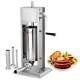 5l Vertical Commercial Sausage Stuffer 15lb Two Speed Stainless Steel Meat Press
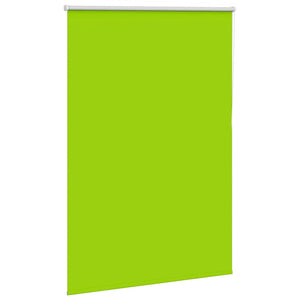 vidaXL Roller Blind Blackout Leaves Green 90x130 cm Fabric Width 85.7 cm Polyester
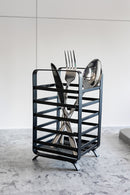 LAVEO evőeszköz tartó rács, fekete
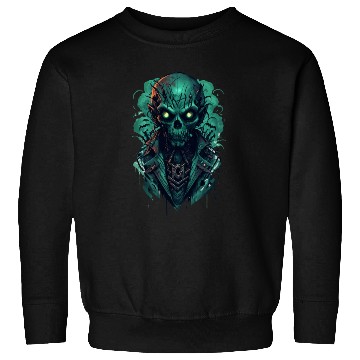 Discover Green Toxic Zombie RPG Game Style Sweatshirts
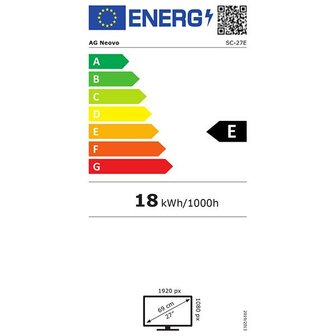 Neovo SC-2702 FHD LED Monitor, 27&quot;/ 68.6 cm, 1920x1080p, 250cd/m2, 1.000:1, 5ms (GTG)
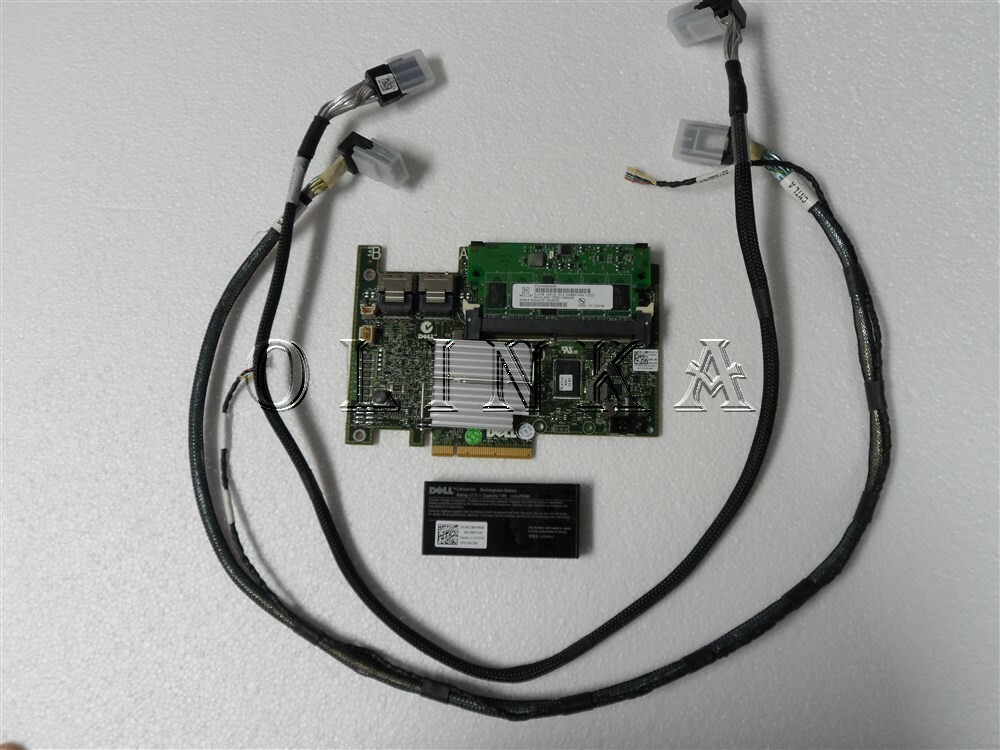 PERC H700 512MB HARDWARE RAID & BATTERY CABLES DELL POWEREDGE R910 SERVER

::::::::::

→ Exercise requirements: If the records contain pictures, skip them, and transcribe exactly every line from the one with "Neovo SC-2702 FHD" through the last line.

→ Your response:
 Neovo SC-2702 FHD LED Monitor, 27&quot;/ 68.6 cm, 1920x1080p, 250cd/m2, 1.000:1, 5ms (GTG)
 PERC H700 512MB HARDWARE RAID & BATTERY CABLES DELL POWEREDGE R910 SERVER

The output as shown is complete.